I limiti della redditività a breve
«L’introduzione di sistemi di contabilità mark to market, voluta da Clinton e Blair, con criteri non più fondati sui valori storici immobiliari ma su quelli azionari, è stata un duro colpo per le assicurazioni», premette lo storico. «Oggi il valore dei beni può passare in meno di una settimana da più mille a meno mille. Lo shortermismo (il perseguimento di una redditività finanziaria a breve termine, ndr) e le stock option, quindi la valorizzazione non tanto dell’azionista ma del management, sono diventati dominanti. Mi chiedo se questo modello può reggere a lungo con le assicurazioni». Quello su cui verrà misurata la qualità del nuovo management è la lungimiranza: «Vedremo se con questi nuovi criteri contabili e questa nuova ideologia shortermista» si riuscirà a dare altri «duecento anni di stabilità alle Generali».

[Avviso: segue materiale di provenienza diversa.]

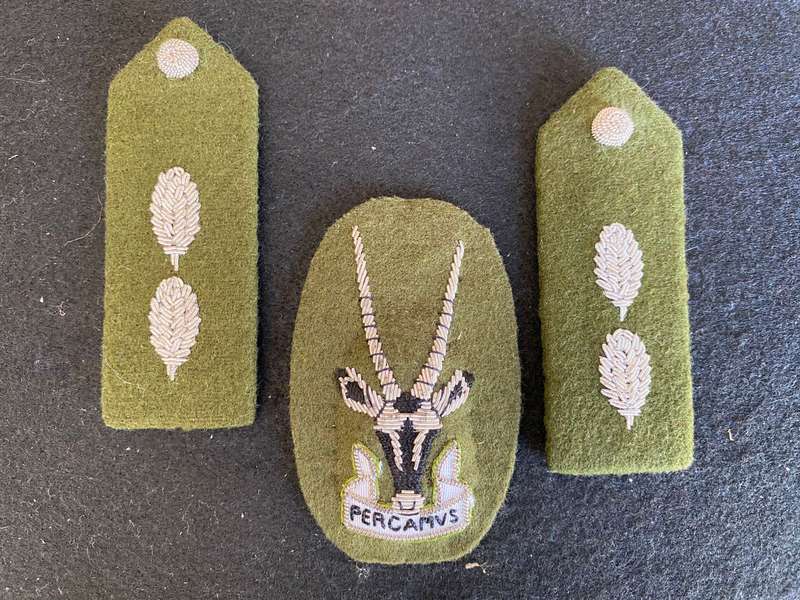 S.W.A.T.F. SENIOR OFFICERS (COLONELS) CAP AND GORGET PATCHES-NON STAFF QUALIFIED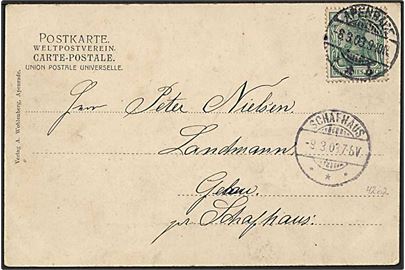 5 pfg. Germania på brevkort stemplet Apenrade d. 8.3.1903 til Fårhus. Ank.stemplet Schafhaus d. 9.3.1903.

La questione della proprietà
C’è poi l’incognita della governance e del rapporto con la proprietà. In tre anni, la presenza dei soci stranieri nel capitale della compagnia è cresciuta fino a raggiungere il 39% dell’azionariato (dati aggiornati al 14 dicembre 2015), rispetto al 56,91% posseduto dagli azionisti italiani. L’attenzione degli investitori internazionali dunque è aumentata, ma si tratta di una compagine molto frastagliata che non fa blocco. A decidere gli amministratori della società è ancora il nucleo duro di azionisti capitanato da Mediobanca (che è al 13% ma ha annunciato già da tempo di voler scendere al 10%), seppur con un occhio attento alle minoranze. Secondo alcuni osservatori, preoccupati da possibili “scalate” estere, questa potrebbe essere una buona formula per tenere aperto il Leone al mercato e agli investimenti, evitando allo stesso tempo che non cada in mani straniere. Per altri analisti, invece, si tratta solo della solita “gran confusione” all’italiana, nulla di vicino a una vera public company, una struttura in cui la proprietà “diffusa” fa si che nessuno degli azionisti possa decidere la governance di una compagnia, che perciò è affidata al management. «Le imprese o sono contendibili o non lo sono», conclude Sapelli. «Non do un giudizio di merito ma da studioso: se un’impresa non è contendibile, puoi chiamarla via italiana o giapponese, ma non ha nulla a che vedere con le regole di governance anglosassone».